• **RECORDS FOR THE EXERCISE**
###
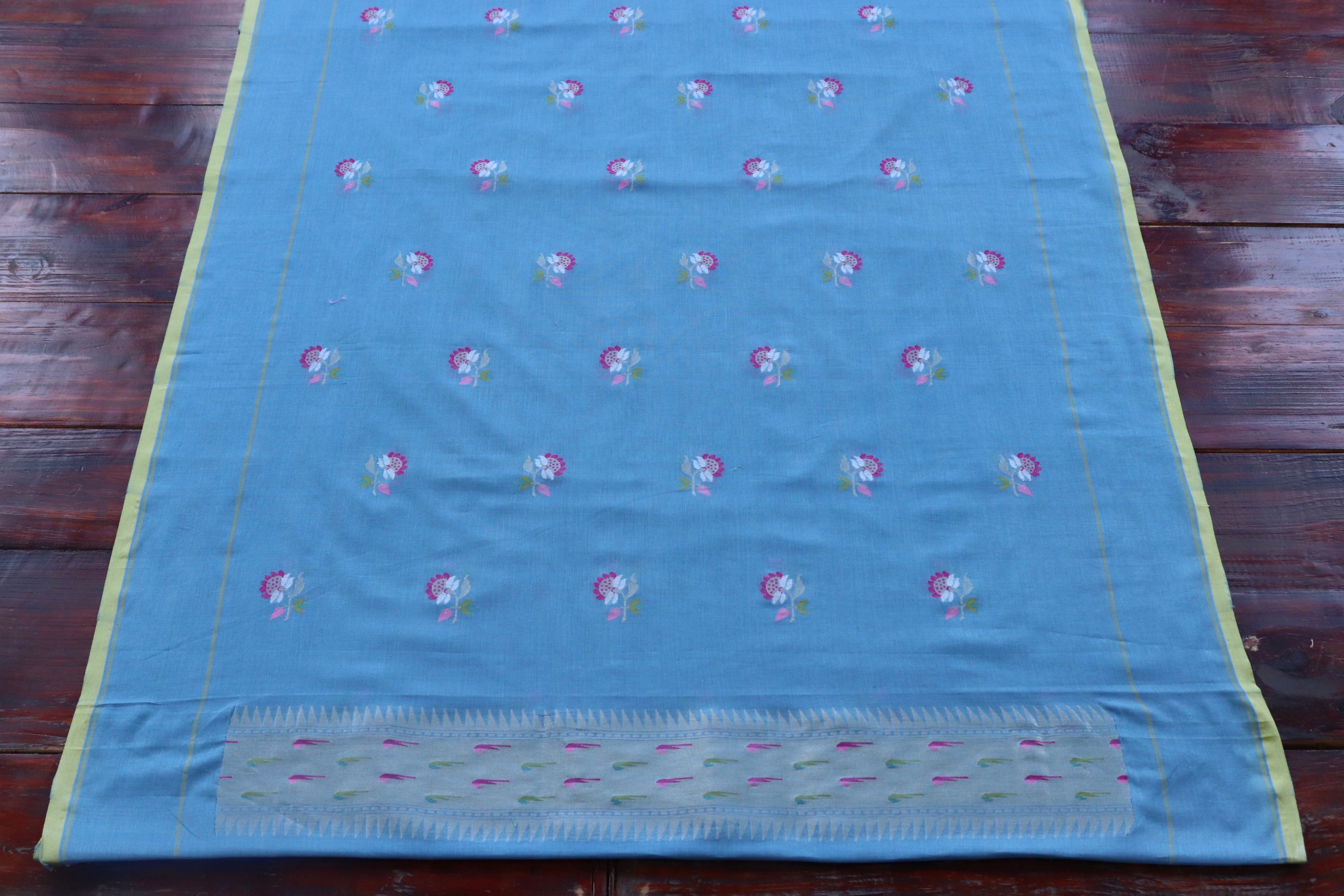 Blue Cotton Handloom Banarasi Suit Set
###
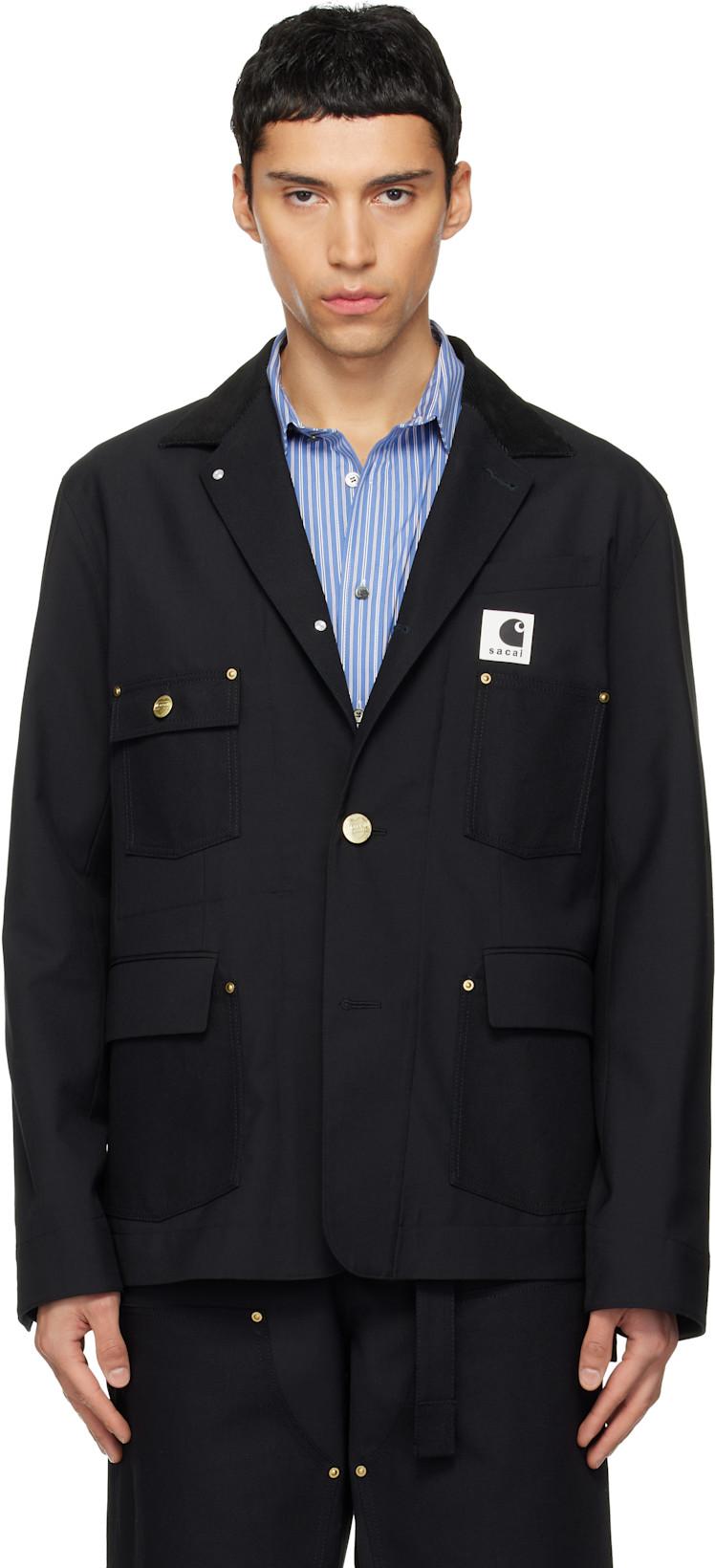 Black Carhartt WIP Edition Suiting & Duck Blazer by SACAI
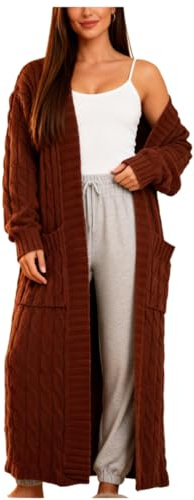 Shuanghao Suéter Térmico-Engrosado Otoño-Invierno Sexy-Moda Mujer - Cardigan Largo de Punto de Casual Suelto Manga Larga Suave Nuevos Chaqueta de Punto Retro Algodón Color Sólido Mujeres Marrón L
###
• **PROBLEM TO WORK ON**
Take the material above from the line bearing "Black Carhartt WIP" through the line bearing "Shuanghao Suéter Térmico-Engrosado" and write it out exactly, both end lines included. Pictures stay out.

• **ANSWER BELOW**
 Black Carhartt WIP Edition Suiting & Duck Blazer by SACAI
 Shuanghao Suéter Térmico-Engrosado Otoño-Invierno Sexy-Moda Mujer - Cardigan Largo de Punto de Casual Suelto Manga Larga Suave Nuevos Chaqueta de Punto Retro Algodón Color Sólido Mujeres Marrón L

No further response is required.